I don't need a thank you for following you. I especially don't want you to clutter up my inbox with one. It doesn't make me feel welcome or more engaged, in fact it normally makes me unfollow you.
Don't protect your Twitter timeline: Twitter was made to be public, if you don't want to share your tweets with the world, you're using the wrong medium. And putting your potential followers through an approval process adds work for you and puts another unnecessary hurdle between them and you.
If people take the time to send you a message or mention you in a tweet, make sure you take the time to reply. It's quick and easy and it lets people know that you're listening and you care.
Hashtags are an incredibly useful and effective feature on Twitter. It helps you easily connect your content to other tweets on the same subject or from the same event. It also increases engagement: studies show that "tweets with hashtags get twice the engagement of those without". So definitely use them.

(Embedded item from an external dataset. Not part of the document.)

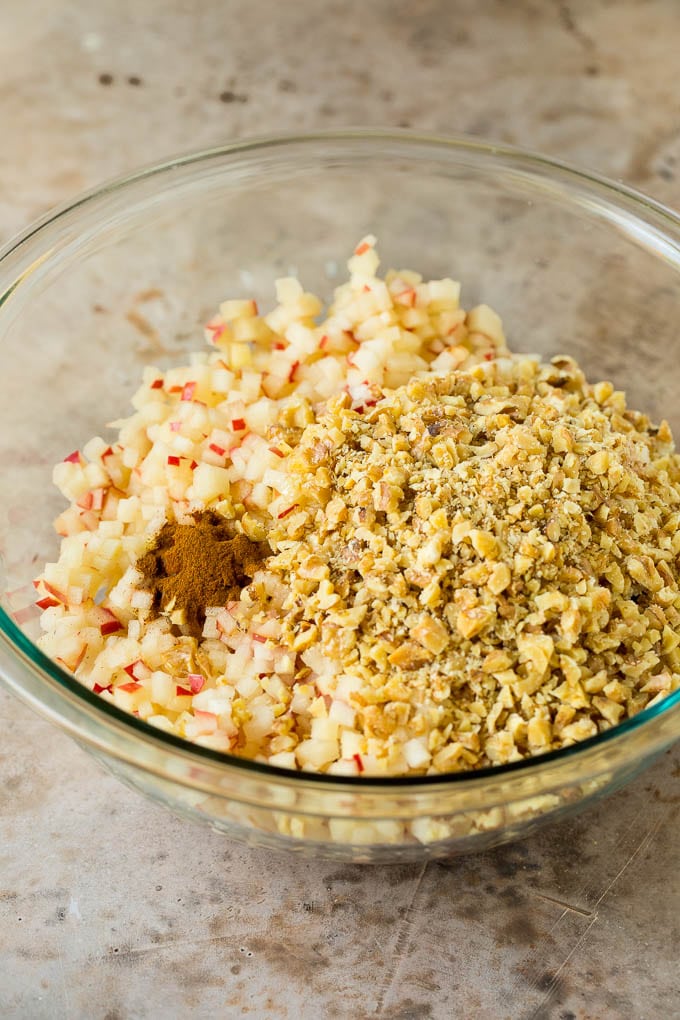 This charoset recipe is a blend of apples, walnuts and honey, all mixed together to make a sweet spread that's an essential part of any Passover meal. Apples, wine, cinnamon and honey all in a bowl.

But when you use 3 or more hashtags, it is a) annoying; and b) leads to a dropoff in engagement.
Before you start tweeting (especially for an organization), make sure you have a strategy: know both the why and the how.
Twitter is all about keeping it short and sweet. All tweets must be 140 characters or less, but studies are beginning to show that even shorter tweets have a much higher engagement rate. How short? The best results come from tweets 71-100 characters in length.
Plus, shorter tweets are just easier to retweet. Think about it, when someone wants to retweet your post, their needs to be room for "RT @yourName ". Don't make people have to edit your tweet to retweet it. And it's even better if there's room for them to comment.